━━ Entries supplied ━━
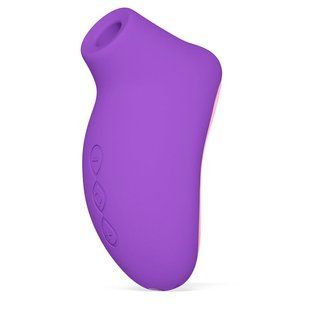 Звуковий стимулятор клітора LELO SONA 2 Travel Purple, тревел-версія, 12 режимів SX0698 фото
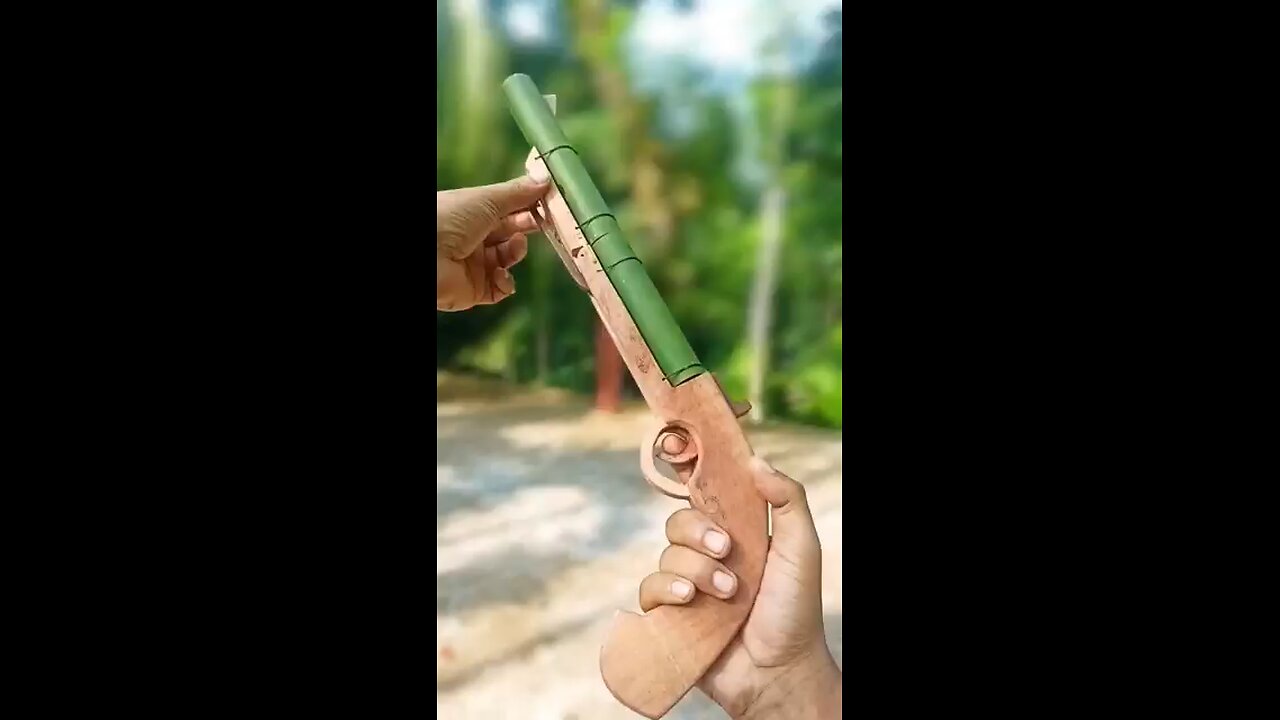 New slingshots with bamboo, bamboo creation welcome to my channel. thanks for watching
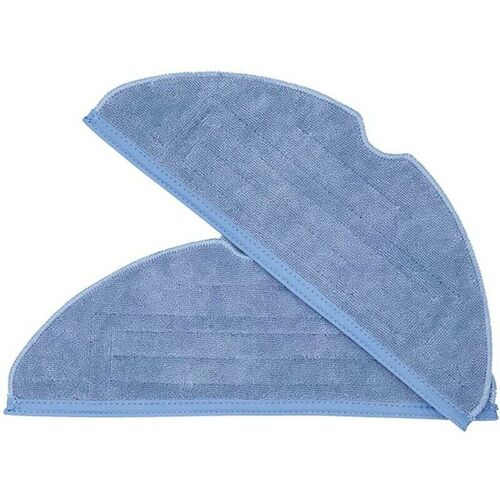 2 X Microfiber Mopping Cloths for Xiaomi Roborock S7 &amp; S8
━━━
━━ Entries supplied ━━
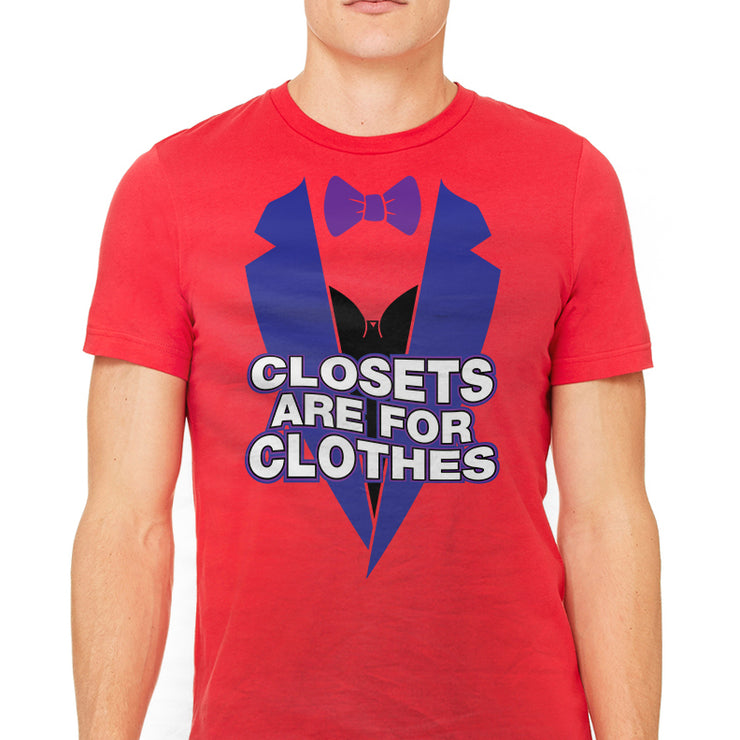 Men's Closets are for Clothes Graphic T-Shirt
━━━
**Task objective:**
For this exercise, transcribe exactly the part of the records above that opens with the line containing "New slingshots with" and closes with the one containing "2 X Microfiber". Pictures are not part of the copy.

**Task answer:**
 New slingshots with bamboo, bamboo creation welcome to my channel. thanks for watching
 2 X Microfiber Mopping Cloths for Xiaomi Roborock S7 &amp; S8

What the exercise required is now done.